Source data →
————————
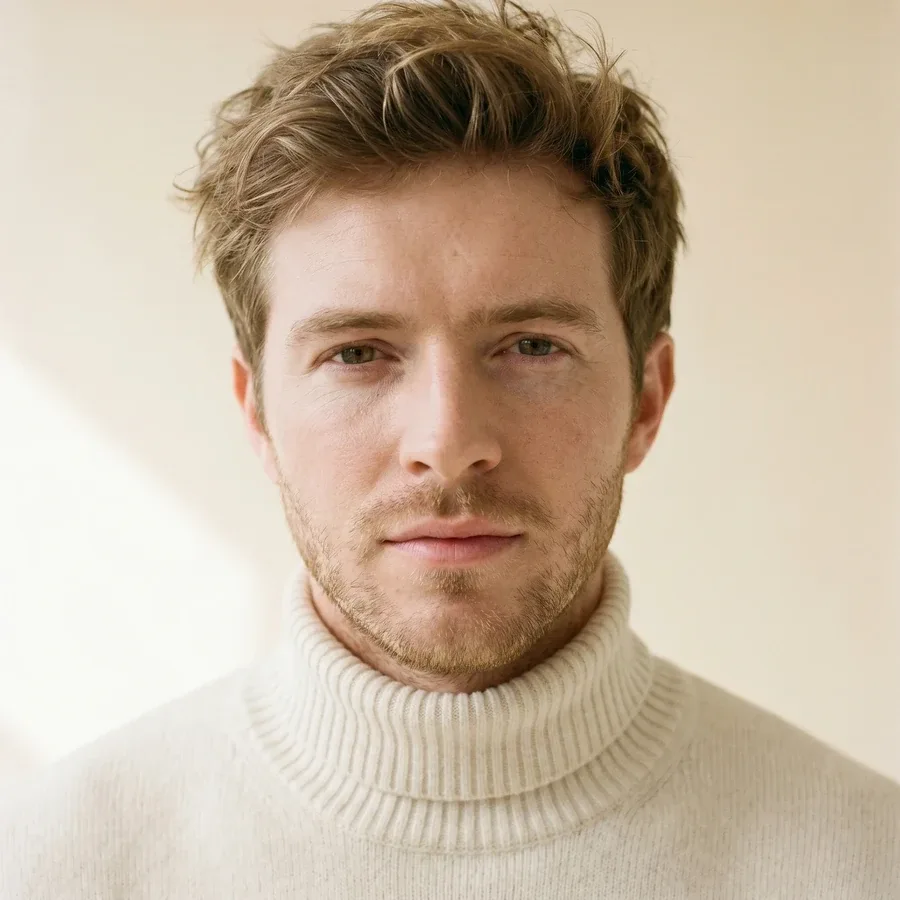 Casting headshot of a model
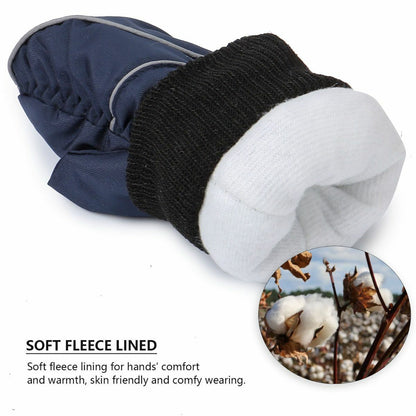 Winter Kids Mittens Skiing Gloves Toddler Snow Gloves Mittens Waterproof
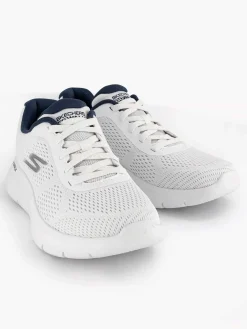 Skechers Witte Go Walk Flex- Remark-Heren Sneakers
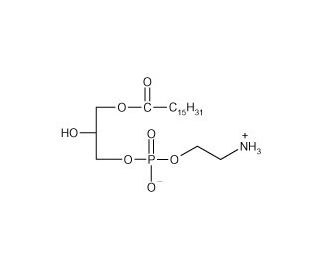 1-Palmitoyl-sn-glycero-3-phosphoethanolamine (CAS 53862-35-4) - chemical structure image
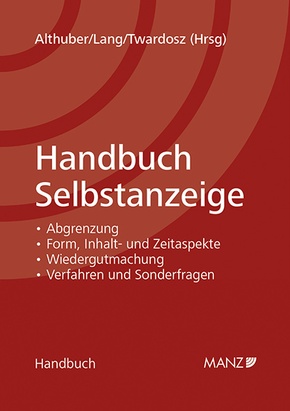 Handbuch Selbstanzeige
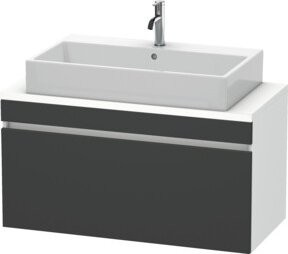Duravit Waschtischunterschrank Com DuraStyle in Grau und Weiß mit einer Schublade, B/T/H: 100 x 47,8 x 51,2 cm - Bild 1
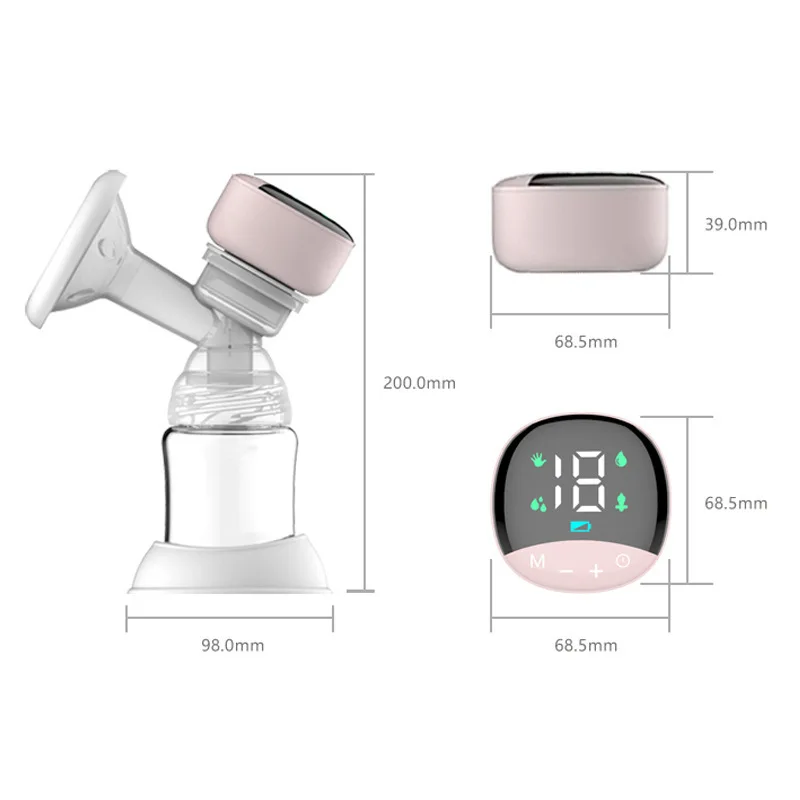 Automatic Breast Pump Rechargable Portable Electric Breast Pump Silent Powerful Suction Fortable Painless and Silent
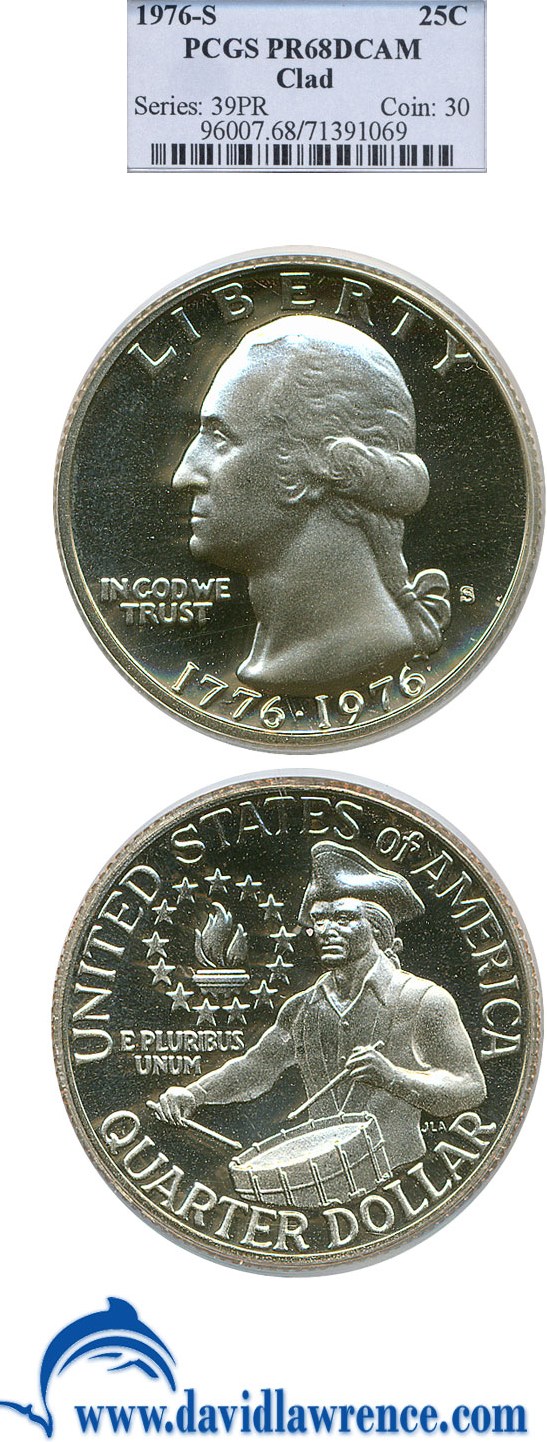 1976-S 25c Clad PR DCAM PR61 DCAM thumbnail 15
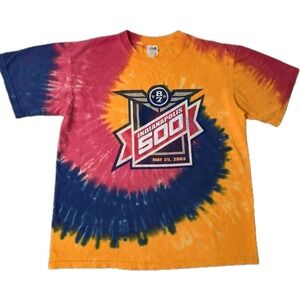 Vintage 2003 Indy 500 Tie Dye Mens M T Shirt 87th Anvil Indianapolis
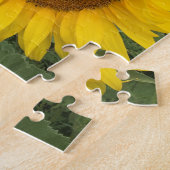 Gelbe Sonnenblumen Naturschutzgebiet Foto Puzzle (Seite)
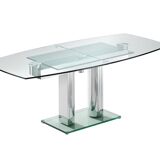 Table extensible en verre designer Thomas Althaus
————————
Problem description →
Quote exactly, and only, the lines from the line containing "Duravit Waschtischunterschrank Com" through the final line of the records above, both included, omitting any pictures.

Your response →
Duravit Waschtischunterschrank Com DuraStyle in Grau und Weiß mit einer Schublade, B/T/H: 100 x 47,8 x 51,2 cm - Bild 1
 Automatic Breast Pump Rechargable Portable Electric Breast Pump Silent Powerful Suction Fortable Painless and Silent
 1976-S 25c Clad PR DCAM PR61 DCAM thumbnail 15
 Vintage 2003 Indy 500 Tie Dye Mens M T Shirt 87th Anvil Indianapolis
 Gelbe Sonnenblumen Naturschutzgebiet Foto Puzzle (Seite)
 Table extensible en verre designer Thomas Althaus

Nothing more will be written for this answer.